Problem number two is the way the WTO works and the balance between the authority of the Secretariat and the DG and the authority of the members. This notion that the WTO is a member-driven organization does not make sense. Of course, it's driven by its members like any international organization. It's created and agreed and framed by the members. But that any sort of decision that is a serious one has to go through the consensus of the members, and that the DG or the Secretariat has zero authority to table a proposal to fix a trade problem that exists, that has been identified—These people are incredibly good experts. They know the countries, they know their position, they know the problems—exiting them from the negotiating system is an absurdity. You lose an enormous capacity to do things properly, quickly, scientifically, expertly, and politically. It's stupid.
And this rebalancing is not in the cards. And the reason why it's not in the cards is that the members want to stick to the notion that they decide everything. I often quoted an anecdote, which is that when I became DG of WTO, I was given by a former DG who was an Australian [sic], a very witty guy and very good caricaturist. I was given a cartoon with a tree, very nice tree, well-drawn with a nice big trunk, nice leaves, and a car had crashed into the street. The car is all over the place, totally broken. The legend of the cartoon is “member-driven car.” I had this cartoon in my office in the WTO.
So this is a bad system. It needs to be fixed and rebalanced if you want the WTO to work like a normal organization where there is a division between political authority and technical proposal. But this really needs to be fixed.
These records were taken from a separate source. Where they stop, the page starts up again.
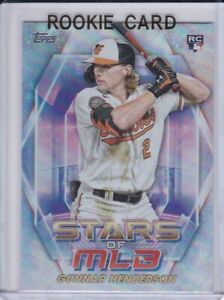 Stars of Mlb Gunnar Henderson | eBay Stars of Mlb Gunnar Henderson | eBay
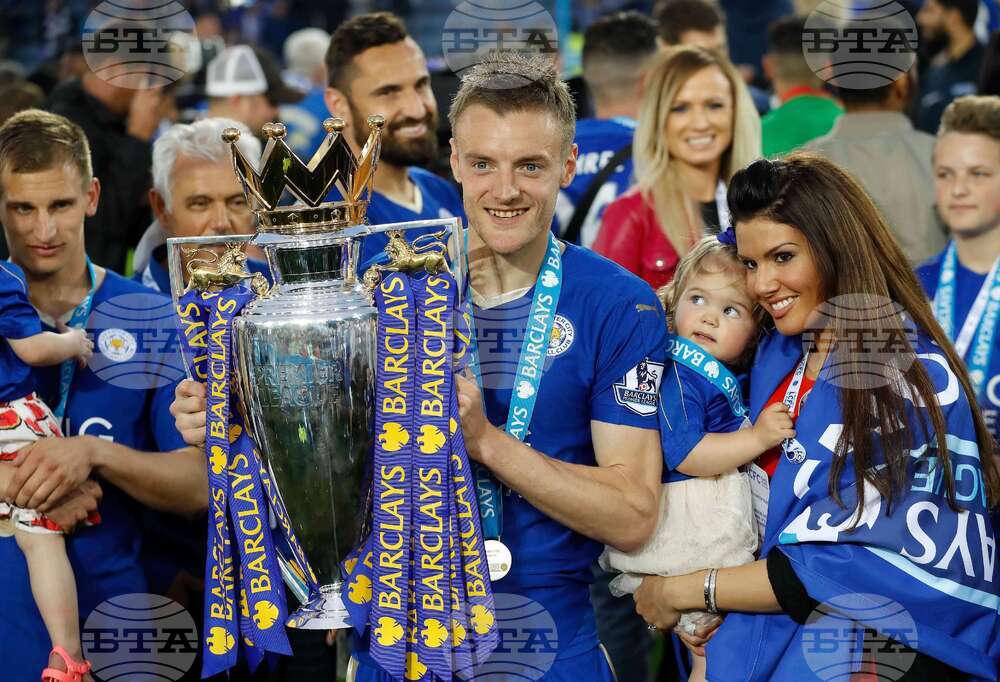 Leicester's Slide Soccer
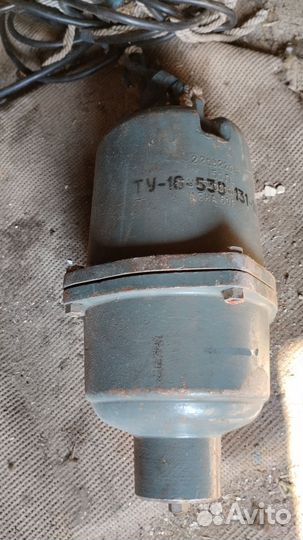 Водяной насос погружной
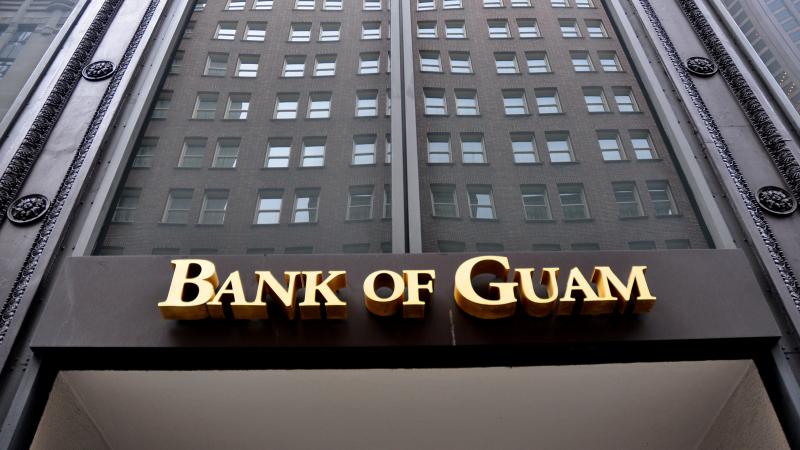 Dozens of people in Micronesia are suing the Bank of Guam for seizing stimulus checks they deposited. The bank did so to help the IRS recover tax payments issued in error. Dozens of people in Micronesia are suing the Bank of Guam for seizing stimulus checks they deposited. The bank did so to help the IRS recover tax payments issued in error.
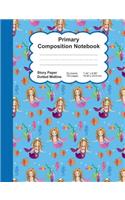 Primary Composition Notebook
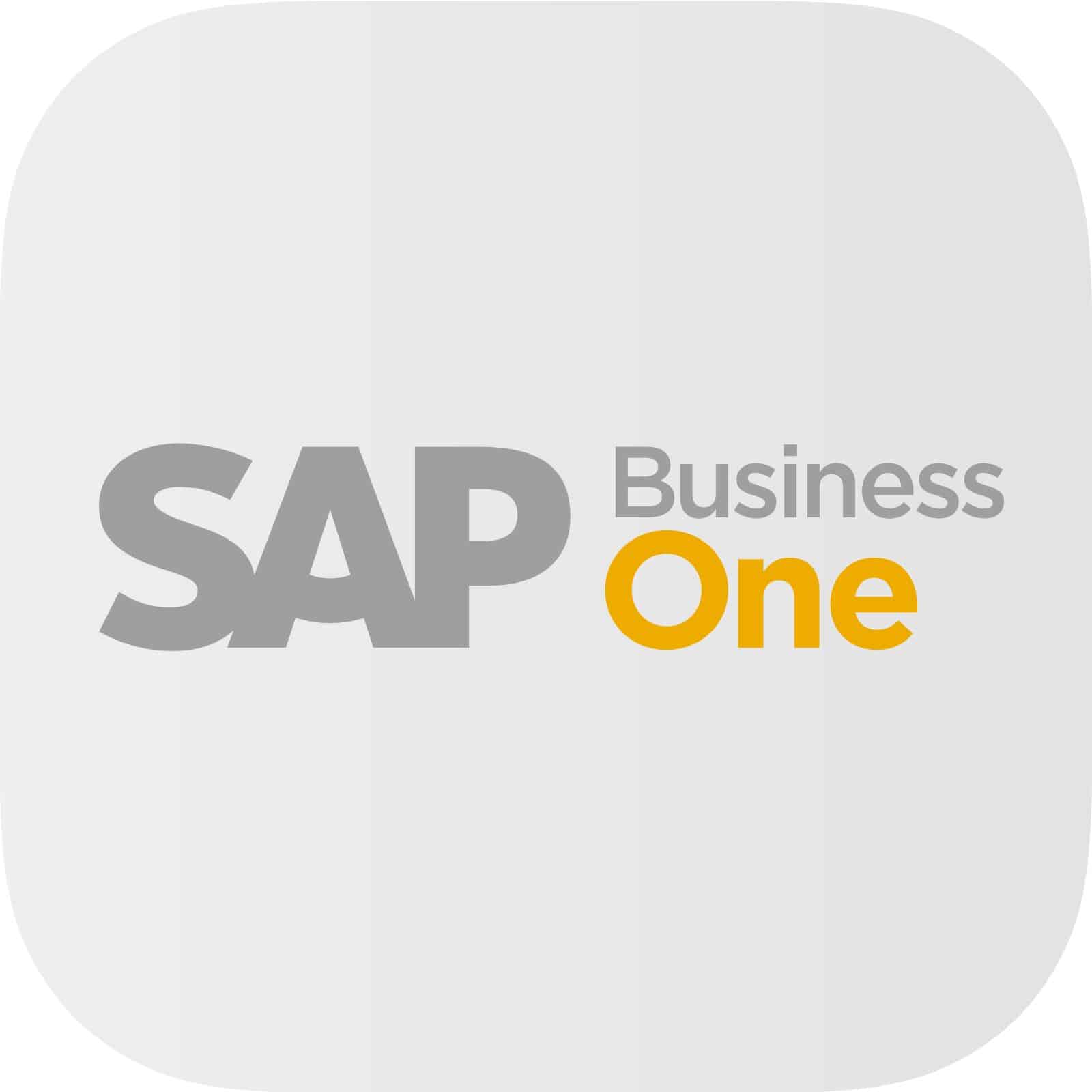 Sap business one integration logo icon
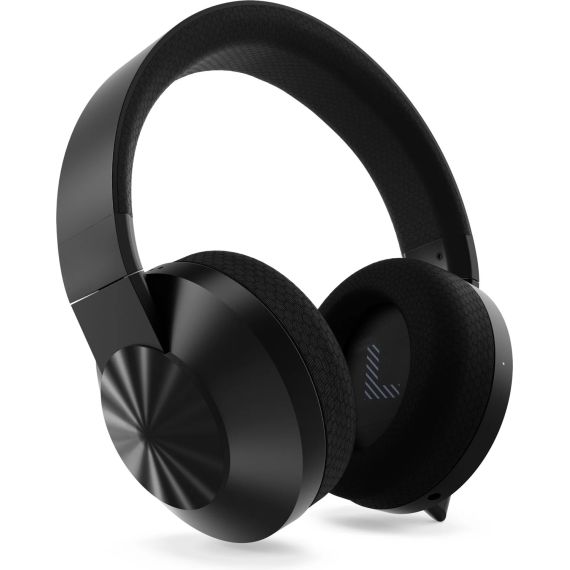 БЕСПРОВОДНЫЕ ИГРОВЫЕ НАУШНИКИ LENOVO LEGION H600, BLACK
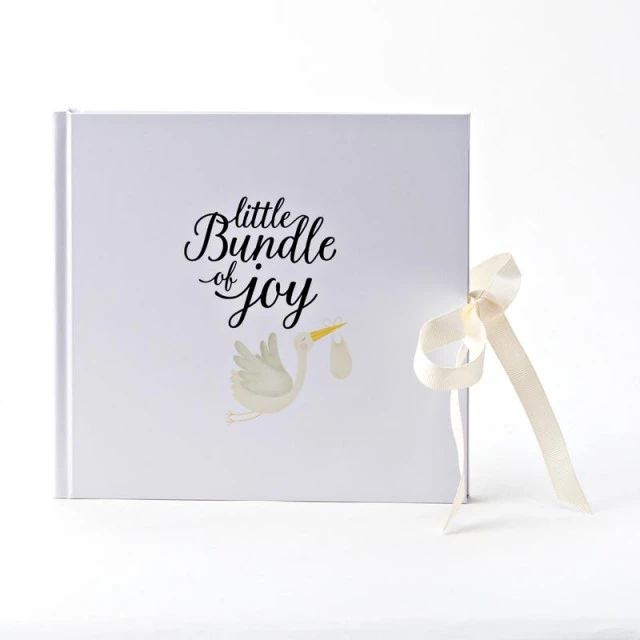 Hello Baby άλμπουμ φωτογραφιών Little bundle of joy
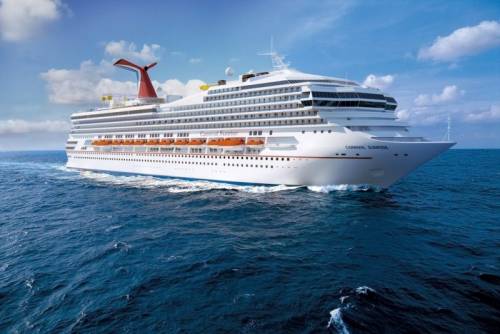 Carnival Cruise Line модернизирует круизное судно за 200 млн долл.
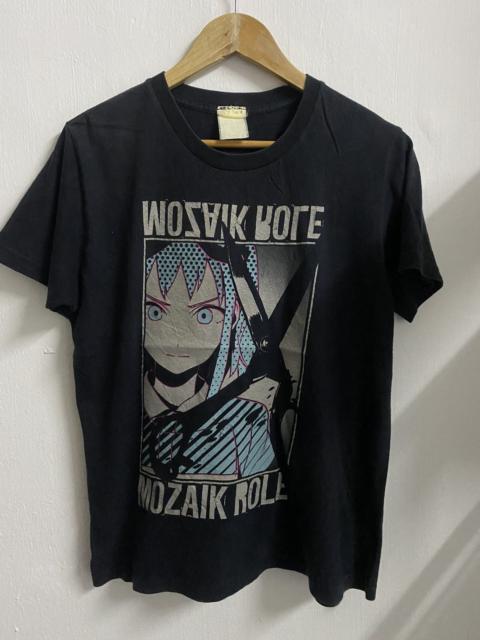 Other Designers Anime × Japanese Brand × Vintage - Mozaik Role Vocaloid Gumi Hatsune Miku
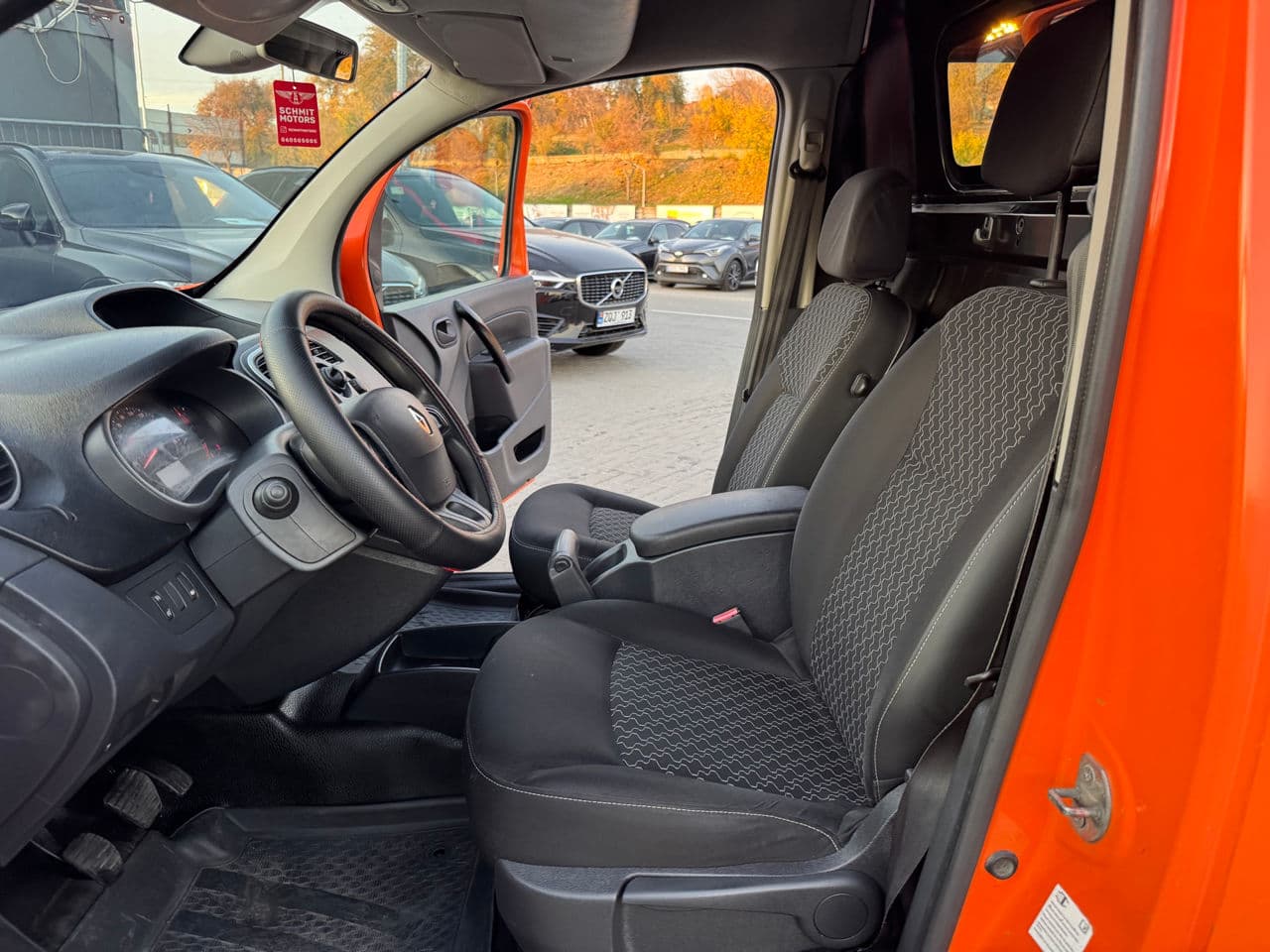 Renault Kangoo 2014 — Миниатюра 5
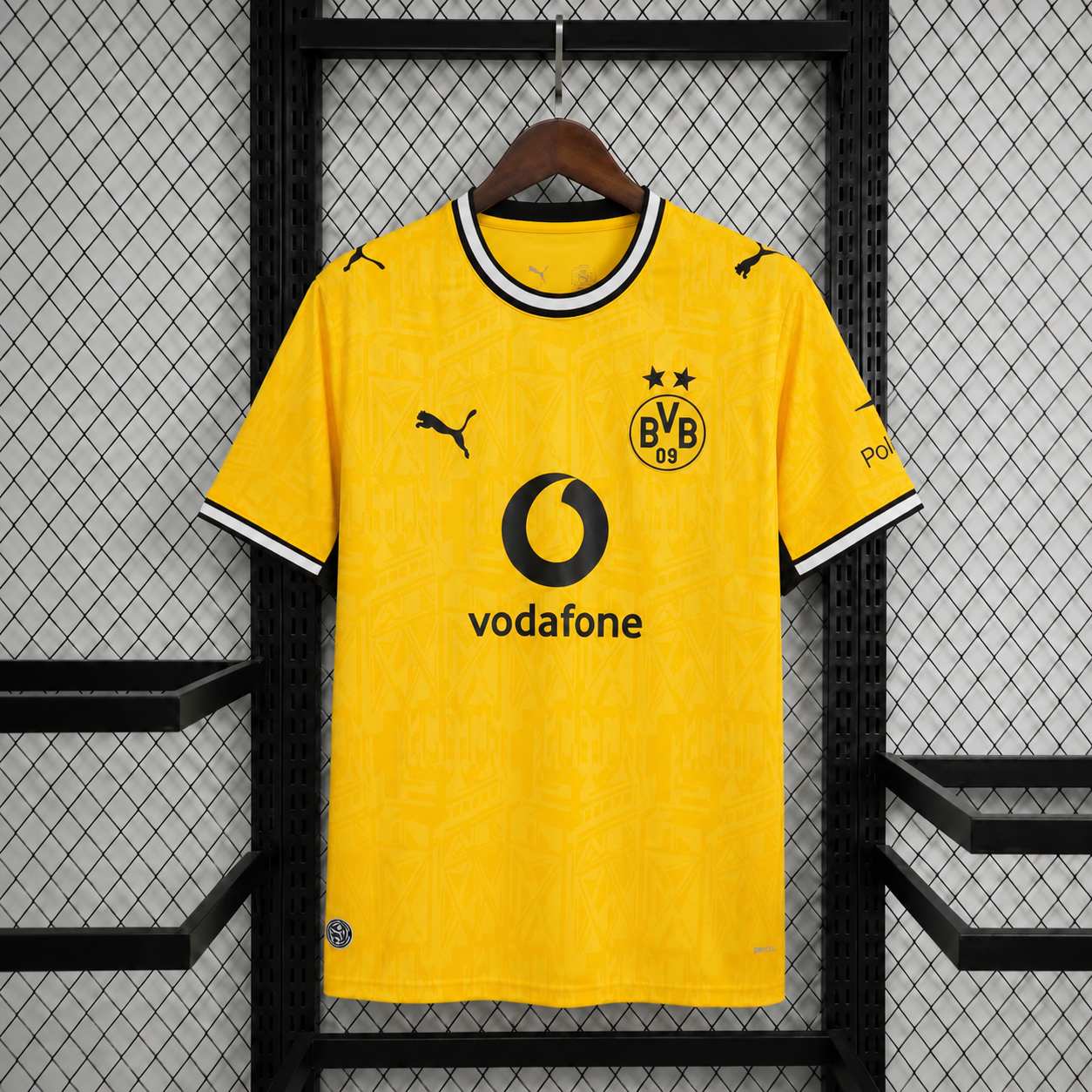 Jersey Borussia Dortmund local 2026/27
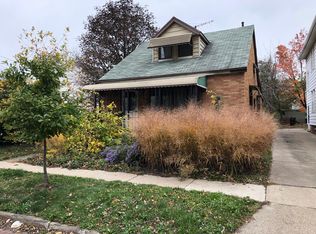 394 E 162nd St, Cleveland, OH 44110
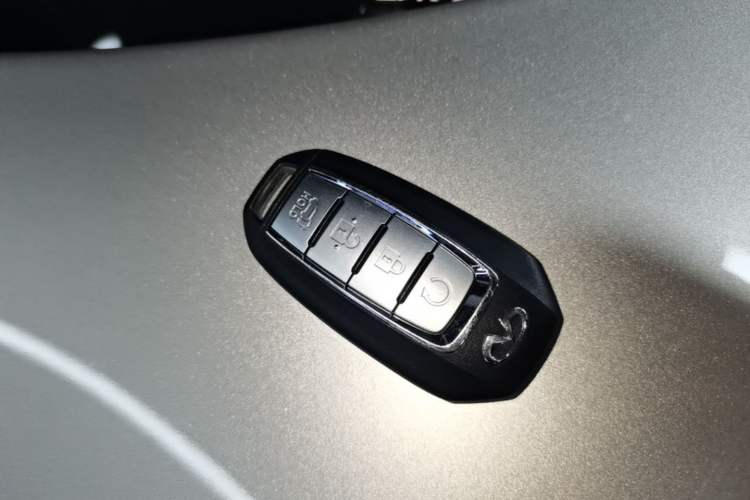 Used Infiniti QX60 2022 2.0T Four-Wheel Drive Excellence Edition Interior 1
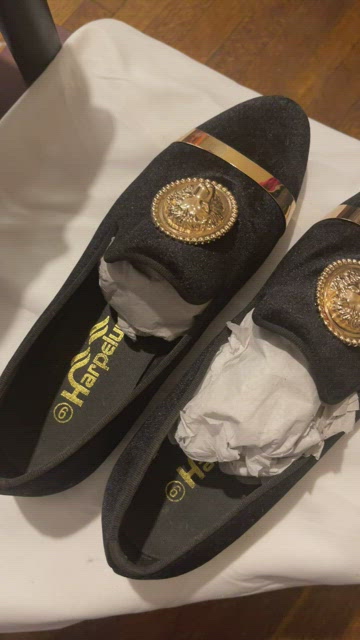 Shoes | Animal Buckle Men Dress Shoes With Gold Plate | Poshmark display picture 3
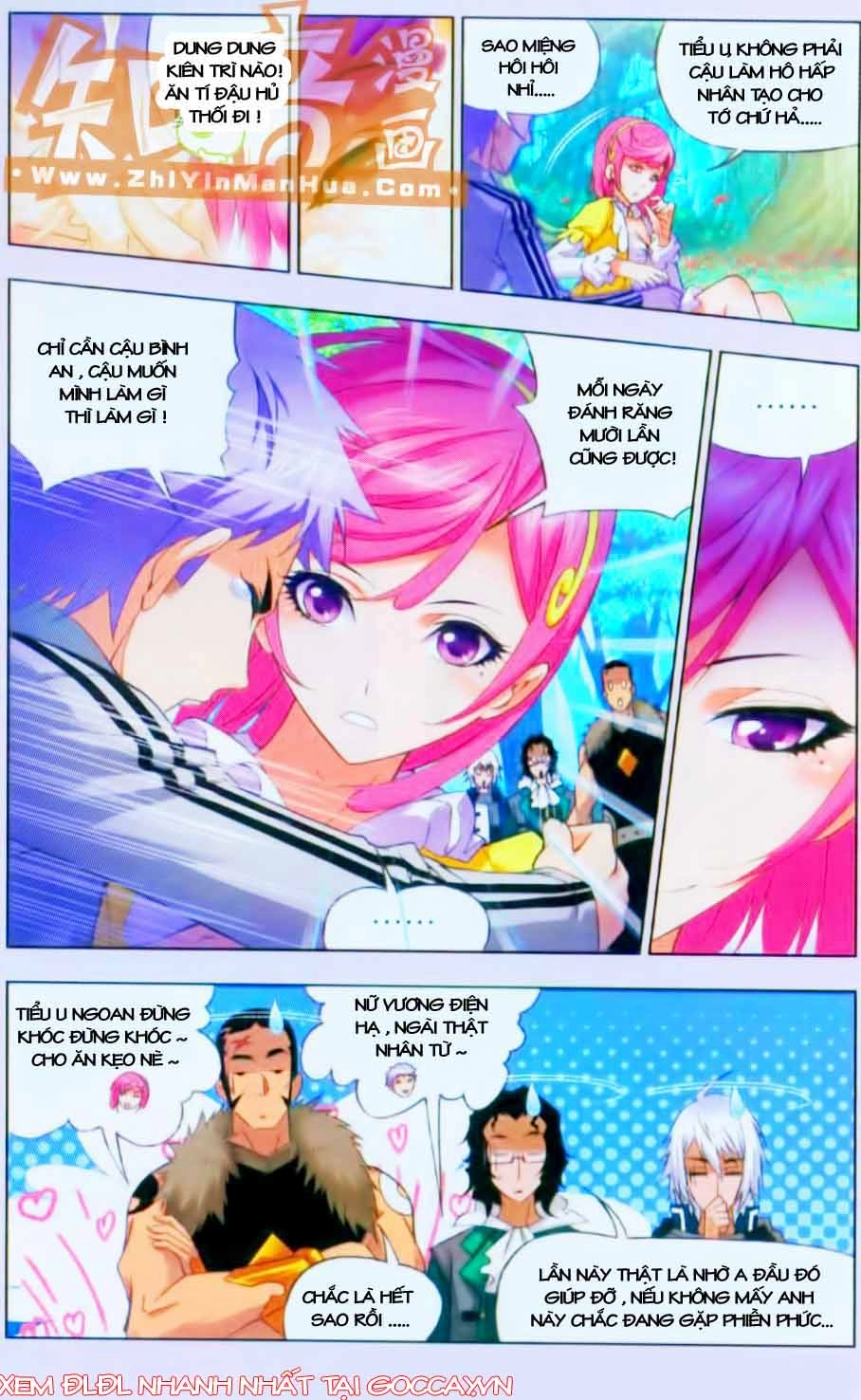 Đấu La Đại Lục Chapter 84 - 3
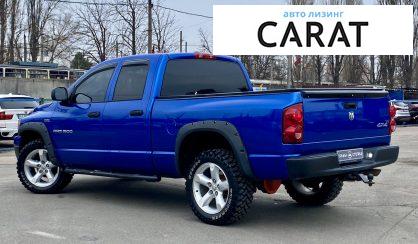 Dodge RAM 2007 Dodge RAM 2007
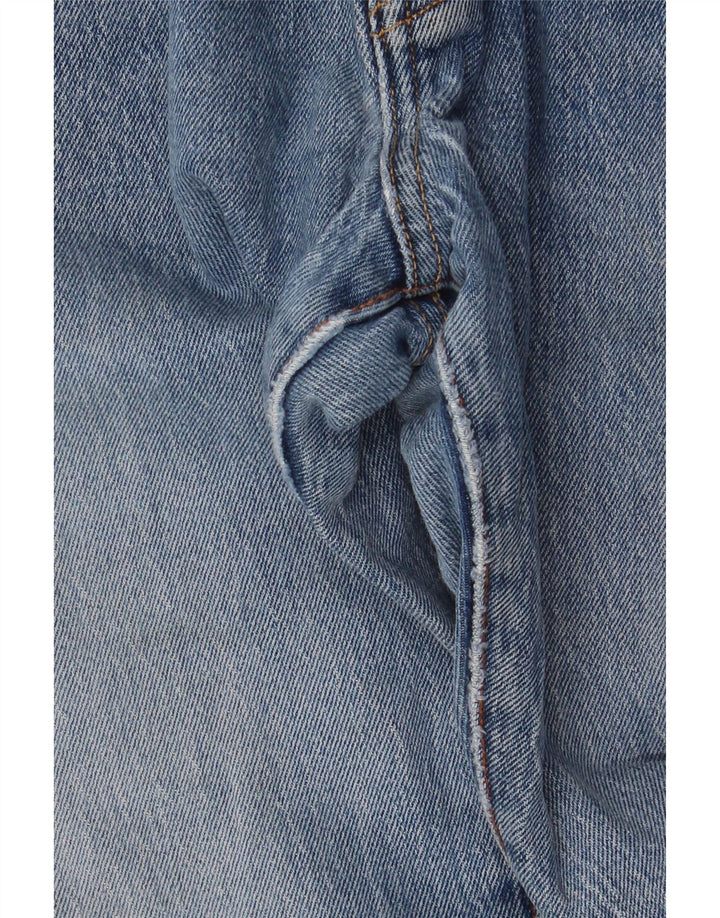 Paul Smith Mens Slim Jeans W32 L30 Blue Cotton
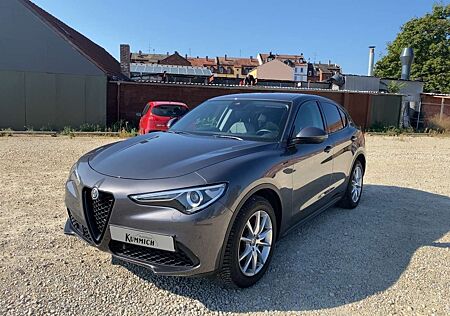 Alfa Romeo Stelvio SPRINT 2.2 Diesel 190PS *AHK* Facelift*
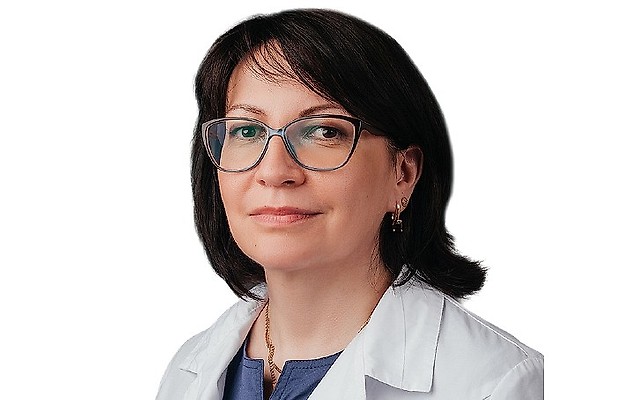 Репина Наталья Борисовна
Third, we need the WTO to address the few issues which I mentioned, like trade and environment, like digitalization, like economic security, like subsidization which has been there for a long time but which is now a bigger problem than before because before, only China was heavily subsidized. Now the US is subsidizing as much as China. So it becomes an enormous problem for many poorer developing countries. In a subsidy war, they will be the losers.
So these issues need to be addressed. And if you tick these three boxes, you will go back to the normal situation where global market capitalism needs a properly regulated multilateral trade system with obstacles to trade that appear being addressed and reduced in a negotiated, fair way.